- Required action -
Word for word, reproduce the records, keeping none of the pictures.
------ Data shown
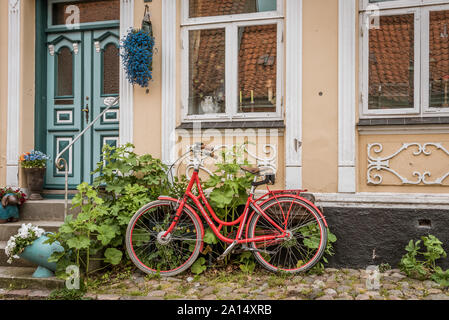 Ein rot Retro Fahrrad auf Kopfsteinpflaster, schiefen aganst eine Wand mit hollyhochs in ÆRØSKØBING, Dänemark, 13. Juli 2019 Stockfoto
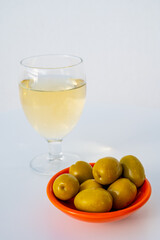 Spanish dry rueda white wine and green olives tapas on white table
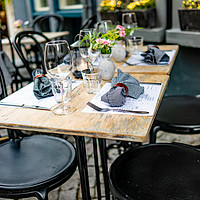 Buy canvas prints of Outdoor seating outside a Dutch restaurant by Chris Yaxley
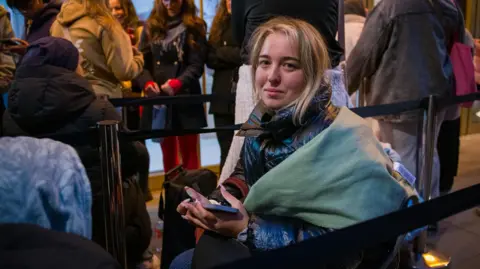 Sophie sits on a chair with a blanket around her and phone in her hand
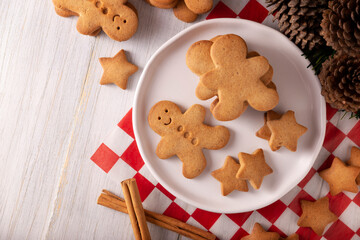 Homemade gingerbread men cookies on rustic white wooden table, traditionally made at Christmas and the holidays. Table top view.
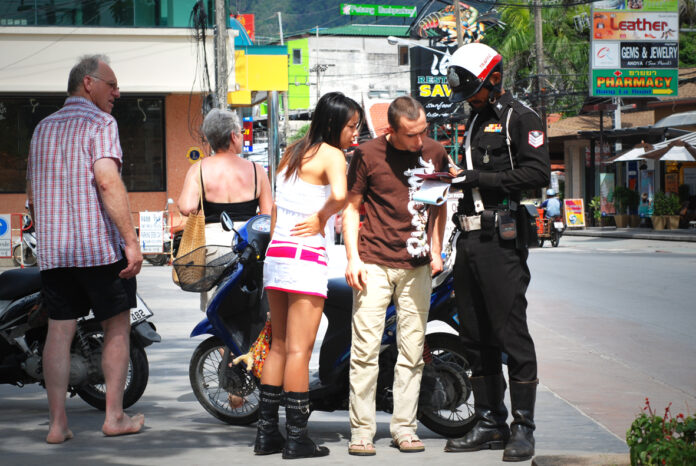 Tourists are fined for riding a motorbike without wearing helmets in 2008 in Phuket. Photo: William Cho/ Flickr.
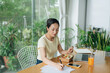 © Marc Tran/Stocksy - Busy young business woman eating a healthy lunch while working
------------
- Response to this exercise -
 Ein rot Retro Fahrrad auf Kopfsteinpflaster, schiefen aganst eine Wand mit hollyhochs in ÆRØSKØBING, Dänemark, 13. Juli 2019 Stockfoto
 Spanish dry rueda white wine and green olives tapas on white table
 Buy canvas prints of Outdoor seating outside a Dutch restaurant by Chris Yaxley
 Sophie sits on a chair with a blanket around her and phone in her hand
 Homemade gingerbread men cookies on rustic white wooden table, traditionally made at Christmas and the holidays. Table top view.
 Tourists are fined for riding a motorbike without wearing helmets in 2008 in Phuket. Photo: William Cho/ Flickr.
 © Marc Tran/Stocksy - Busy young business woman eating a healthy lunch while working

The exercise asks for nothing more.